Since the Meiji Era (1868-1912) the main focus for kitchen improvement was on efficiency and ecology by introducing appliances, computerization, and industrialization. Today, most of the possibilities for the new tools, instruments, and equipments are out, so the role of the kitchen is now in question again, as what to do in there and what could be done in there. This theme “A kitchen that Connects Three Generations” was very timely, to reconsider people’s lifestyle and the possibilities of the dining area. Since kitchen is a familiar space for everyone, there were many enthusiastic ideas, a variety of approaches, and many fun presentations using illustrations and cartoons found in more than 240 entries.
The key to this question was how to connect the three generations. There were some popular approaches, such as incessant meeting style using one big table in center surrounded by three small kitchens, flexible and ever-changing style matching the different life styles of each generation using tools and equipments, revival of nostalgic and traditional Japanese style established in the late Edo Era (1603-1867) using fireplace/furnace, natural style with vegetable garden and irrigation system, and also a philosophical style.
The instruments and appliances we use and the quality of the space change everyday, every week, every year, every life, every generation, and according to every occasion. The Gold prize winner by Jinzen was called “Proprio”, meaning “just as you like” in Italian, bringing out the possibility of the moving and ever-changing time through organic forms.
The overall atmosphere of this competition was cheery and optimistic. But we must not forget that a fun “three-generation-dining” could in time turn into a “dining-alone”. I think that the suggestions to this question can be even more profound if you start from studying your own life closely.
Toshihiko Ishibashi (Judge)
The theme for this competition was “A Kitchen that Connects Three Generations”, and I expected not only kitchen designs, but also some suggestions on how to connect three generations through a kitchen. There were many ideas using circle as a symbol for the family connection and gathering, or using planar surface and partially mobile elements to accommodate each generation and its physical requirements. Among all these directions presented, the criteria for the selection were if the design had a certain level of reality, and was influential enough on families and living spaces. Kitchen is a highly functional and densely packed space, so some of the applicants decided to choose the actual and specific appliances and fixtures in the designs. But it backfired and didn’t work out as a realistic suggestion, which led to an entanglement of its own design. This competition showed the importance of the subtle balance between concept and reality.
The Gold prize winner by Jinzen used circle as a form and this mobile kitchen brought more organic aspects than the other ideas with geometric shapes. This kitchen accommodates the diversity of the families while creating new spaces around itself.

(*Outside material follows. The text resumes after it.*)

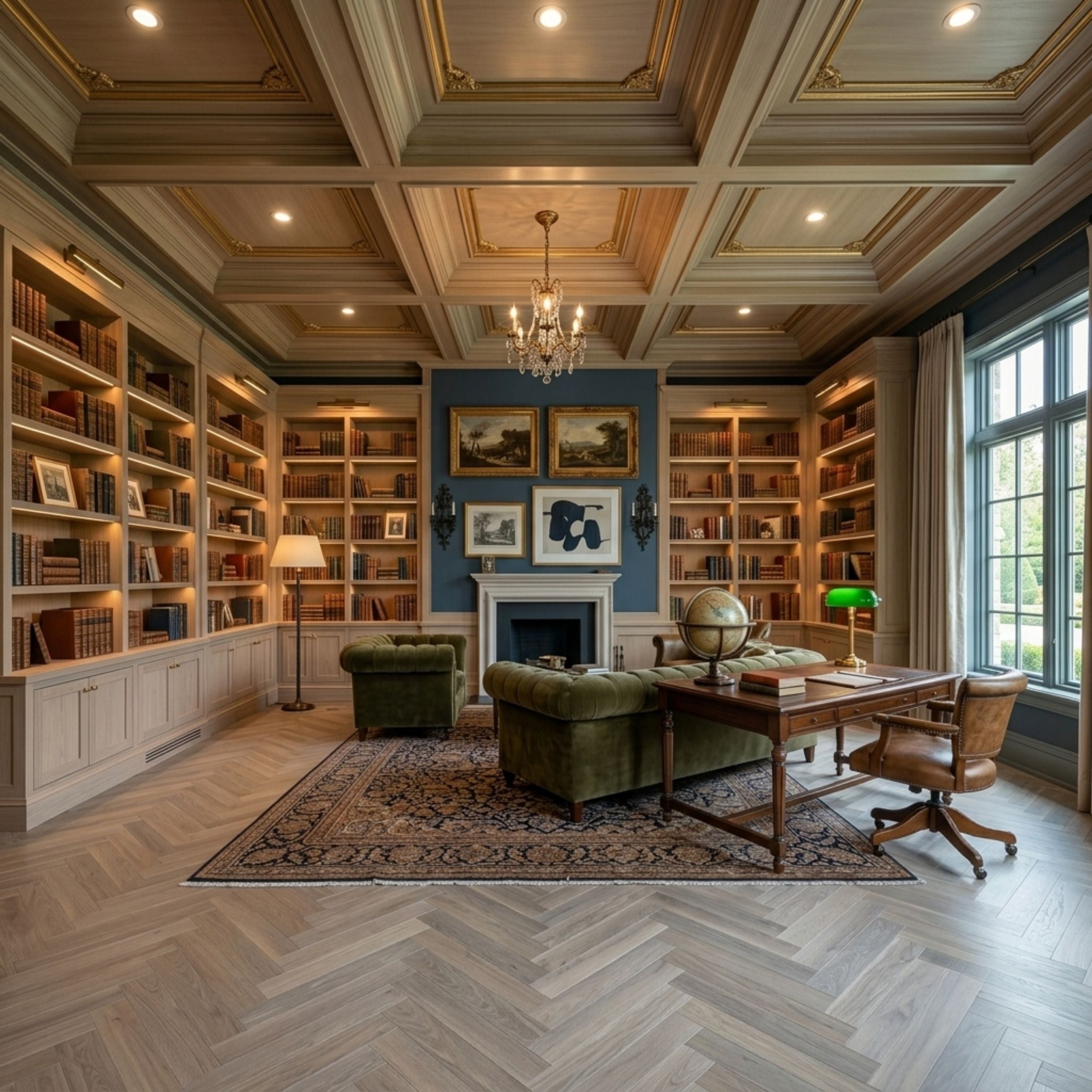 Engineered European Oak Ember Valley - Herringbone. ai room image.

The Silver winner by Washio was a nimble system with a lift to store the kitchen in the ceiling, and as the time shifts, so as the kitchen by multiplying, relocating, and disappearing. Another Silver winner by Fujii was an automated kitchen that keeps moving clockwise in the building that looks like a sun-dial, which brings changes of time and atmosphere to the kitchen space. The Bronze winner by Okada and Okuma was rather still than mobile, but the kitchen scenario develops according to the stories that take place within.
I was always hoping to develop an accrual product off of these Marvel Design Competition ideas, and I could feel the possibility in going to that direction this time around.